Trudeau's a Cotter lover, evidently has been for many years, at least a decade, dozen years.
What do you think Trudeau's CBC state broadcaster thinks of Cotter?
Well, obviously the same.
Look at this star-studded entrance again.
Take a look.
Omar Khadr.
They had disco lights.
They had disco lights in there.
The warm handshake.
That's a warmer handshake than the CBC would give to most businessmen than to many elected officials.
That's a handshake of admiration and gratitude and excitement.
And look at the look on the face of that journalist.
Admiration and happiness.
I'm talking about the CBC hack.
Of course, Cotter just can't believe he's living in such a clown world where the state broadcaster of Canada, a country, he tried to destroy a country whose soldiers he tried to kill with IEDs.
This is an al-Qaeda video of Omar Cotter making IEDs in Afghanistan.
He was planting them in Afghanistan.
And for all we know, he did, in fact, kill Canadians with those IEDs.
He can't believe that the country he tried his best to murder made him a millionaire and is now treating him like a millionaire rock star, treating him like they treat his friend, Justin Trudeau.
I want to show you a bit more from that show.
It's called Toulemon en Parl.
It's French CBC.
So you understand the public reaction since then.
Remember, this aired on Easter Sunday.
Shocking in itself.
But then remember that Islamic terrorists murdered more than 300 people, Christians, on Easter Sunday in Sri Lanka that very day.
And the CBC thought this was a good idea.
Yesterday, I played you this absurd clip.
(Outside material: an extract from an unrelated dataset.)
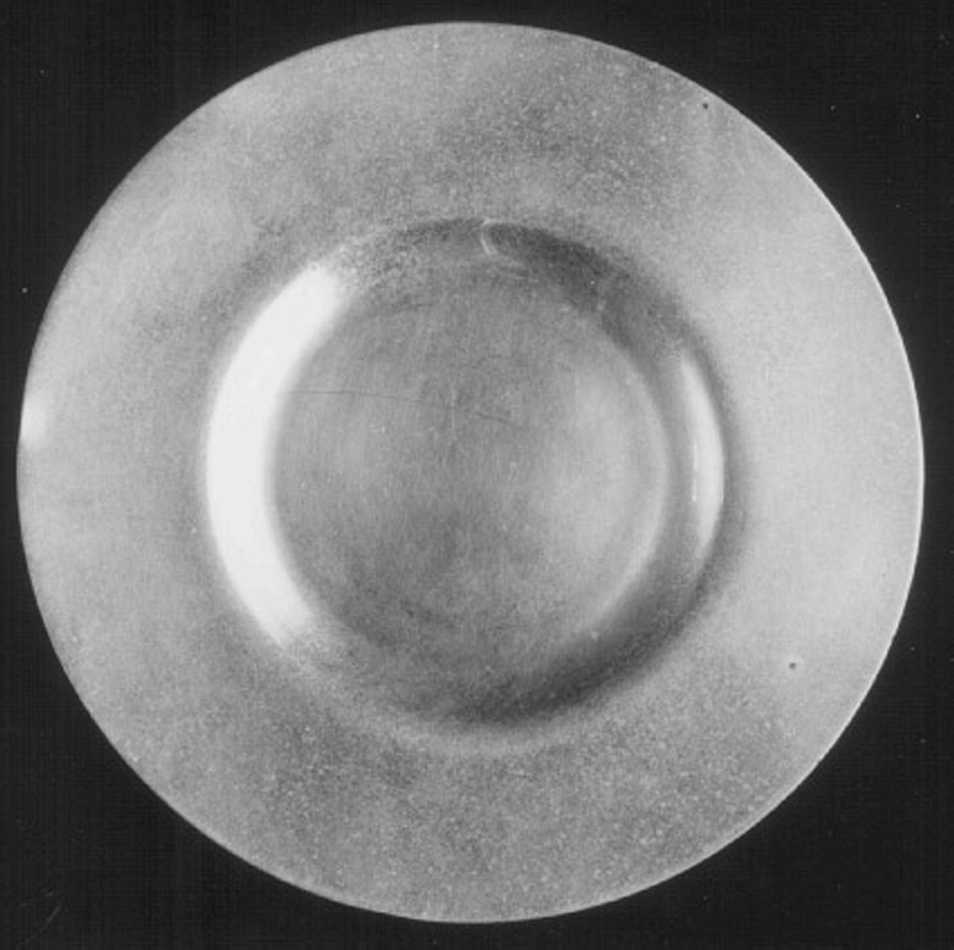 patena - manifattura veronese (secc. XVII/ XVIII)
I think this settlement is not only for me, it's for every Canadian, to a degree to ensure that our government does not participate in torturing its citizens.
So I know some people might be offended by it, but I think it's for all of us.
Yeah, they were nodding along.
No, no, no.
That was Trudeau giving a special gift to his terrorist friend and his terrorist friend's lawyers.
And he hid it from the real victims.
He secretly transferred the money so it wouldn't go to the widow Tabitha Spear and Telaine Morris.
There were other lies that night, none of them challenged by the CBC, of course.
Like this one.
Well, there's what I remember, or what I thought I remember, and then there's what the evidence was.
So I, from the time I regained consciousness, I was told that I had killed an American soldier, and for The eight years, I believed that I must have done it, because I was told I was the only survivor and that I had done it.
So I believed in that all the way up to the trial.
And then I started hearing alternate scenarios and different testimonies.
So I can't tell you exactly what the true story.
That's a lie.
In fact, Omar Cotter made a very detailed, multi-page confession, approved, signed on every page by his very zealous lawyers.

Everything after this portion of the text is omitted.